### INFORMATION SUPPLIED
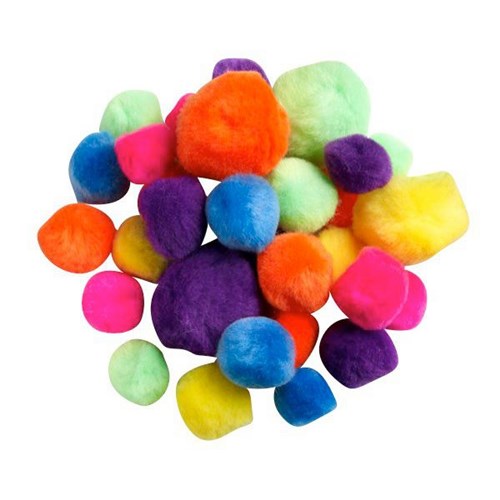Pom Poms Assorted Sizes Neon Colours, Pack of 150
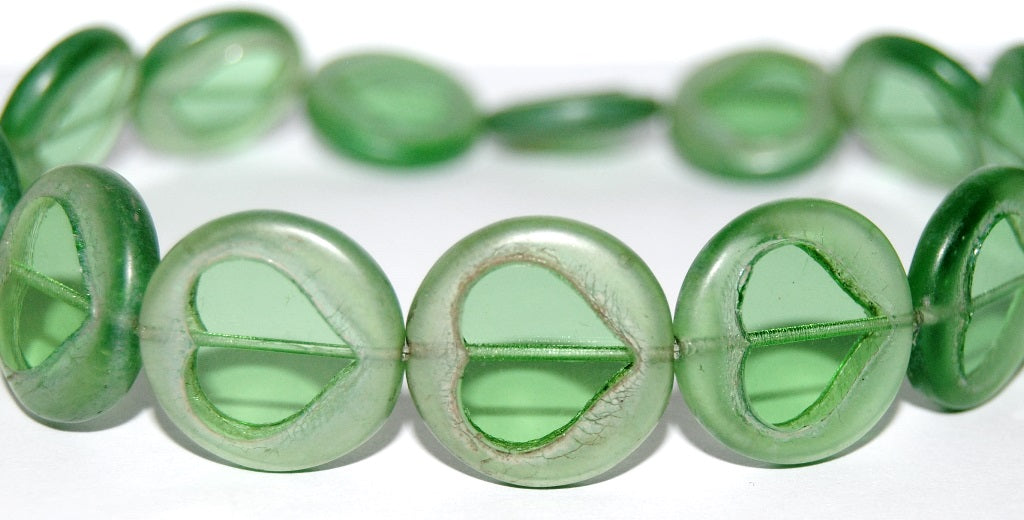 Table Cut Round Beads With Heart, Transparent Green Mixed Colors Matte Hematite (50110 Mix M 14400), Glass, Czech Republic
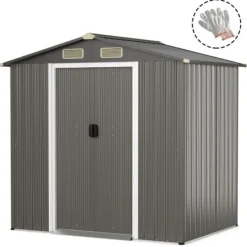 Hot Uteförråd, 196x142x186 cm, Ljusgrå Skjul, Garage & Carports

### DIRECTIONS
If a line holds a picture, skip the picture and transcribe the rest of the material exactly.

### RESPONSE BOX
Pom Poms Assorted Sizes Neon Colours, Pack of 150
 Table Cut Round Beads With Heart, Transparent Green Mixed Colors Matte Hematite (50110 Mix M 14400), Glass, Czech Republic
 Hot Uteförråd, 196x142x186 cm, Ljusgrå Skjul, Garage & Carports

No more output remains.